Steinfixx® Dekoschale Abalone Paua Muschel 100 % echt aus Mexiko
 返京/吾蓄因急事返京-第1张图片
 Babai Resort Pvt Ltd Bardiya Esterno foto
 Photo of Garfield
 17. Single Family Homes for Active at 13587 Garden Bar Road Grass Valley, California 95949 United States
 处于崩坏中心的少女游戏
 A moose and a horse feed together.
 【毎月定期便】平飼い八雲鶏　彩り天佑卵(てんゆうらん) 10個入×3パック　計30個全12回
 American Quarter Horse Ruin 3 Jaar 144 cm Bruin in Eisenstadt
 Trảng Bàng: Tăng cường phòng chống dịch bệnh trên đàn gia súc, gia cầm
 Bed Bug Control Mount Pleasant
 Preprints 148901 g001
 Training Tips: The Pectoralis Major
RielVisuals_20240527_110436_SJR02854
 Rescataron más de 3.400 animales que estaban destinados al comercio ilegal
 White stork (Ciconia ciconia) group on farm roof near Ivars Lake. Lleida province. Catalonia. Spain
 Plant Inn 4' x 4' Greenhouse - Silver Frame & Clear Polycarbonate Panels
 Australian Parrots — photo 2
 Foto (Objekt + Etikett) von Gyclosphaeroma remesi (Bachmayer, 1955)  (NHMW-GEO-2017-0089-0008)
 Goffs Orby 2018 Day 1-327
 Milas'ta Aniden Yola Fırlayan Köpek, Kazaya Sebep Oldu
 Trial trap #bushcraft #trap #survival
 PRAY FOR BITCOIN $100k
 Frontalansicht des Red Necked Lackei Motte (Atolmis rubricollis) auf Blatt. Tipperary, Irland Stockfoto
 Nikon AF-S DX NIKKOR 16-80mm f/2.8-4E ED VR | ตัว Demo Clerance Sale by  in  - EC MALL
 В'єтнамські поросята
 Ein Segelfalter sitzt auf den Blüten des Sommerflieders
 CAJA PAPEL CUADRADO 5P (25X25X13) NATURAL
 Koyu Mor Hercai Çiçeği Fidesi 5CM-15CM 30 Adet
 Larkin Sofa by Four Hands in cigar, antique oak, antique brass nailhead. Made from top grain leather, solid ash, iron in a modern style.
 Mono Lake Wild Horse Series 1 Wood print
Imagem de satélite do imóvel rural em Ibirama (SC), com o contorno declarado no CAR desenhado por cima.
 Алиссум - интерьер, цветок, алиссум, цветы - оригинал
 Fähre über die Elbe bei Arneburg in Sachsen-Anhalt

● **Work required**: Find the line with "White stork (Ciconia" in the entries above. Retype it and each line after it, exactly, through the line with "PRAY FOR BITCOIN $100k", and stop there.

● **Response**:
 White stork (Ciconia ciconia) group on farm roof near Ivars Lake. Lleida province. Catalonia. Spain
 Plant Inn 4' x 4' Greenhouse - Silver Frame & Clear Polycarbonate Panels
 Australian Parrots — photo 2
 Foto (Objekt + Etikett) von Gyclosphaeroma remesi (Bachmayer, 1955)  (NHMW-GEO-2017-0089-0008)
 Goffs Orby 2018 Day 1-327
 Milas'ta Aniden Yola Fırlayan Köpek, Kazaya Sebep Oldu
 Trial trap #bushcraft #trap #survival
 PRAY FOR BITCOIN $100k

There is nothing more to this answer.